The only thing I will say is that I could have explored Absolute Infinity more, I just got a quick but discernible taste of it.  Other than that, what I saw was pretty substantial, especially the whole dying and death part.  That was full-bore and very protracted.  But just about the time I became Absolute Infinity, I started to come-down slowly back into the Ego Consciousness Paradigm -- so I didn't get to fully experience Absolute Infinity like the way Leo talks about in his videos.  To me, Absolute Infinity was scary, but I got to see that I am Being, and life after death is Being.  I also got the distinct sense that this new life as Absolute Infinity was scary, but I think that had to do with the Ego-Death that was happening to me.  If I had rounded that corner in a smoother way, perhaps I would have entered Absolute Infinity with a more cheerful mindset, or at least a less scrambled-eggs mindset.   I'm never going to be the same after this.  This was the single best thing to happen to my enlightenment so far, and it came at the right time, because I have the theoretical basis now to understand this experience fully.   What a trip!  Be careful.  Dyin' ain't no joke.  Well, at least I know what the process of dying is like.  I grokked that pretty good.  Man!  No joke.  The scariest thing that could ever happen to you, no doubt!

It's freaky when part of you wants to die and part of you wants to cling to the Ego-Conscious paradigm.  It's like a tug-of-war.  Like, no!  Don't let this happen to me again, lol.  I think you really get that with psychedelics.  That feeling of instability of the Ego, like the wheels are greased for it to give up the ghost.  Like -- I need to fall to the ground and die again!  And you're like -- Ah man!  -- No!  Not again!  Ahh!  I love the Ego, I love the Ego, I love the Ego, you might repeat aloud to keep this from happening again!  I've never experienced anything like this before.  This has gotta trickle into positive as time goes on for me.  I don't know what it's like to die bodily, but I know what it's like to die psychologically now.  That part, and the aftermath, was made very clear to me.  And seeing the Ego de-program itself, and seeing "hyperspace" or the "white hole" or the "void" or Being on the other side of Ego.  All that I saw with clarity.  And also distinctly understanding that Egoic Life is an illusion.  I saw that clearly too.  I woke up this morning perplexed, to say the least.  And also the idea that I'm already dead.  I get that now too -- clear as a bell.  Ding!  Something's you can't unsee.

I think the coolest insight I had is that I'm already dead.  And that Atman = Brahman.  This is because Being is what doesn't change from the Ego Paradigm to the Absolute Infinity Paradigm.  That's the secret there.  You are Being, the one constant.  Even as you pass from the illusion to the Truth, Being is still Being.  So, that part of "you" stays the same, and thus you never die.  Just the Ego and the body die.  And there is no soul.  There is just Being and this weird mood that Absolute Infinity had, but I believe that this mood was caused by my Ego fighting for its life kicking up all kinds of freak-out emotions.  Like I said, I didn't get enough time in Absolute Infinity to really feel "at home" Being there.  I just got a very short taste of it, of Being outside of the Ego Consciousness Paradigm.

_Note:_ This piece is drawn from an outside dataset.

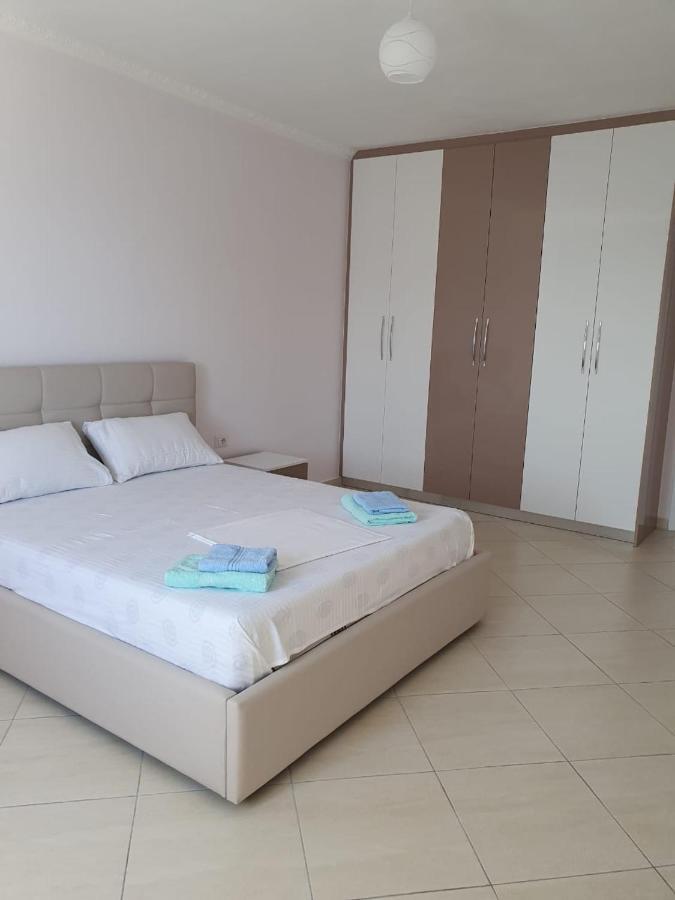 Xhulio Apartments ساراندا المظهر الخارجي الصورة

And now I look back at an earlier experience I had with a massive dose of shrooms when I was much younger, and I see I had an ego-death there too.  When I collapsed into a pool of colors.  I think I mentioned this before.  That was an ego-death too, but I fell unconscious and then woke up at a later time, so I didn't get the full death experience.  This time, I was completely conscious throughout the entire dying and death process.  I wish I had explored Absolute Infinity more before returning though.  I can see that the trick here is to just surrender fully from the giddy-up.  And that's a counter-intuitive thing to do when the Ego is screaming bloody murder at you.  Man.  I am still in a state of shock.  I think my fear of death has decreased because now I know what death is like, at least from a psychological perspective.  Most people only have to experience this once.  I get to do it at least twice.  It's a trip that these psychedelics can trigger psychological death like this.  I never knew this was possible -- at all!  Now I understand why people do psychedelics for consciousness work.  It gives you a glimpse beyond the Egoic-Consciousness Reality.  I hesitate to even call it a paradigm.  That doesn't really get at all of it.  It's an illusory reality, that's what it is.  To see Absolute Infinity behind the Ego Reality is a real mind-fuck.  I can't find a better adjective than this, sorry.

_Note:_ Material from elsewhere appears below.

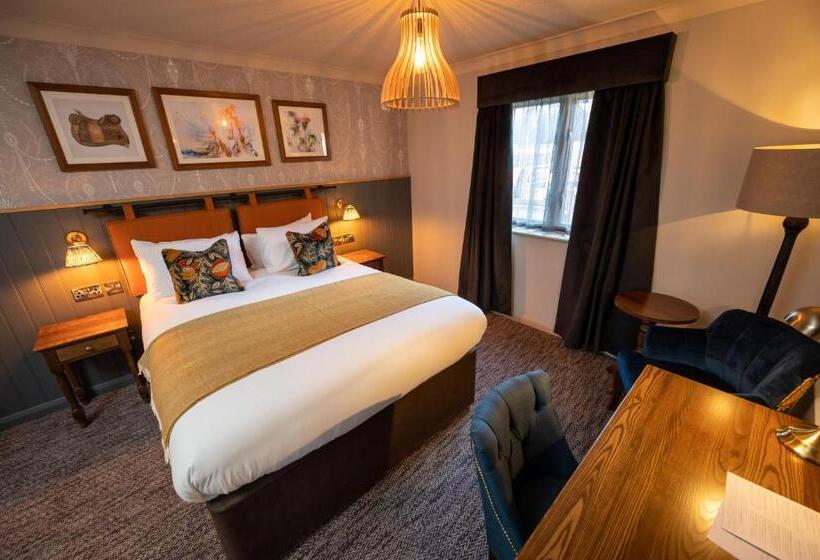 Standard Room, Ely Hotel By Chef & Brewer Collection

Here's a good article I found on it.  It's pretty on point.  "The sensation of real death itself."  Be careful kiddies!  That shit is literal, not figurative.  If you can't handle this, be very, very careful, cautious, and wise about opening this pandora's box.  Thank God I am as strong as I am, and I was wise enough to let go throughout the process and just Be.  I can't imagine what it's like to fight this death the entire time -- like if you are not very enlightened and go through something like this.  That would be a hell that could probably scar you for life!  Or send you to a psych-ward.  Some PTSD shit potentially.  BE CAREFUL.  I just don't know what more to say beyond this.  I'd have to have more experiences to comment further.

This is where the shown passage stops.